> **ASSIGNED TASK**
Find, in the records below, the line that contains "Tournée Mondiale de" and the line that contains "Brooklyn Brawler Wrestling". Copy those two lines and everything between them exactly, but not the pictures.

> **WORKING DATA**

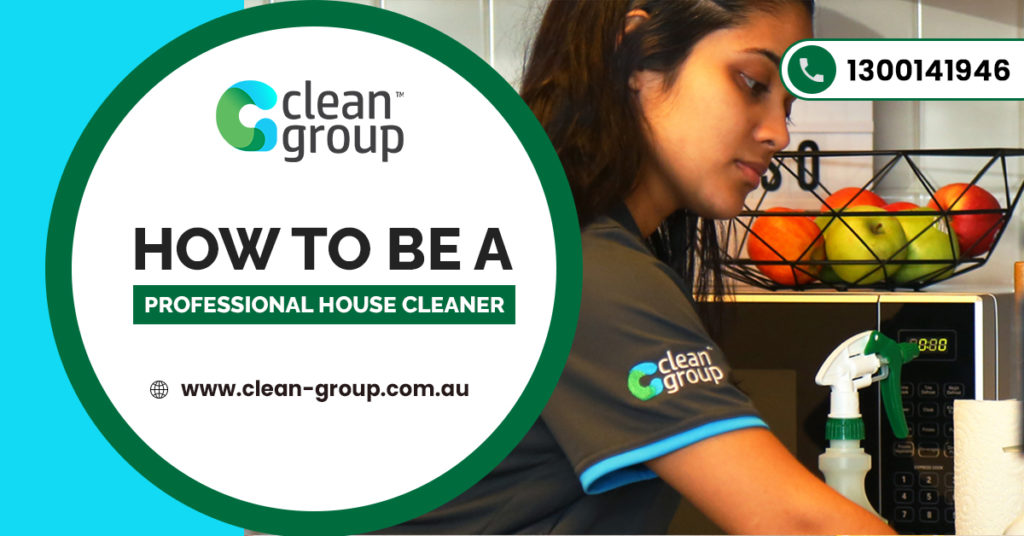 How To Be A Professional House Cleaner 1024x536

* * *

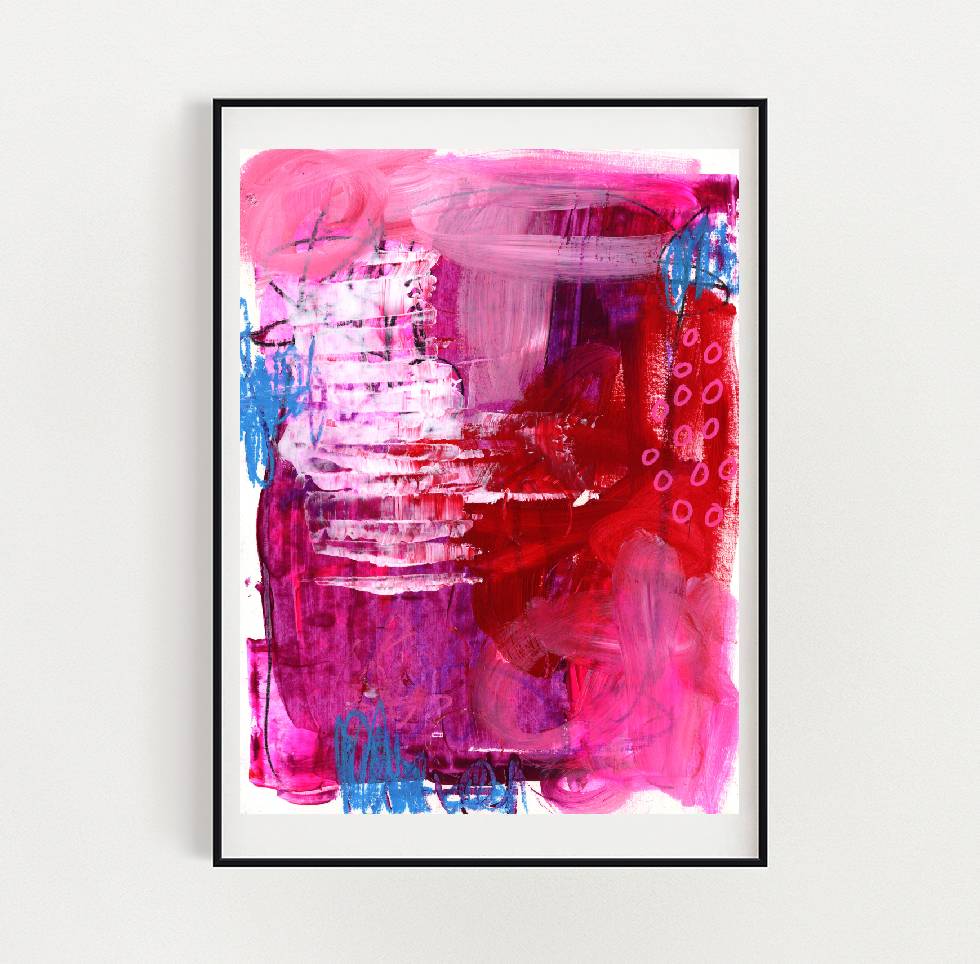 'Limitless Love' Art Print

==

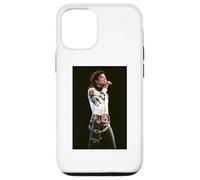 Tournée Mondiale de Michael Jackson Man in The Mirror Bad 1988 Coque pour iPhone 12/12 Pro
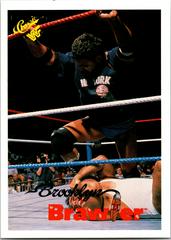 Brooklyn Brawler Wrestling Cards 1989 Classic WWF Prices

> **RESPONSE TO THE EXERCISE**
 Tournée Mondiale de Michael Jackson Man in The Mirror Bad 1988 Coque pour iPhone 12/12 Pro
 Brooklyn Brawler Wrestling Cards 1989 Classic WWF Prices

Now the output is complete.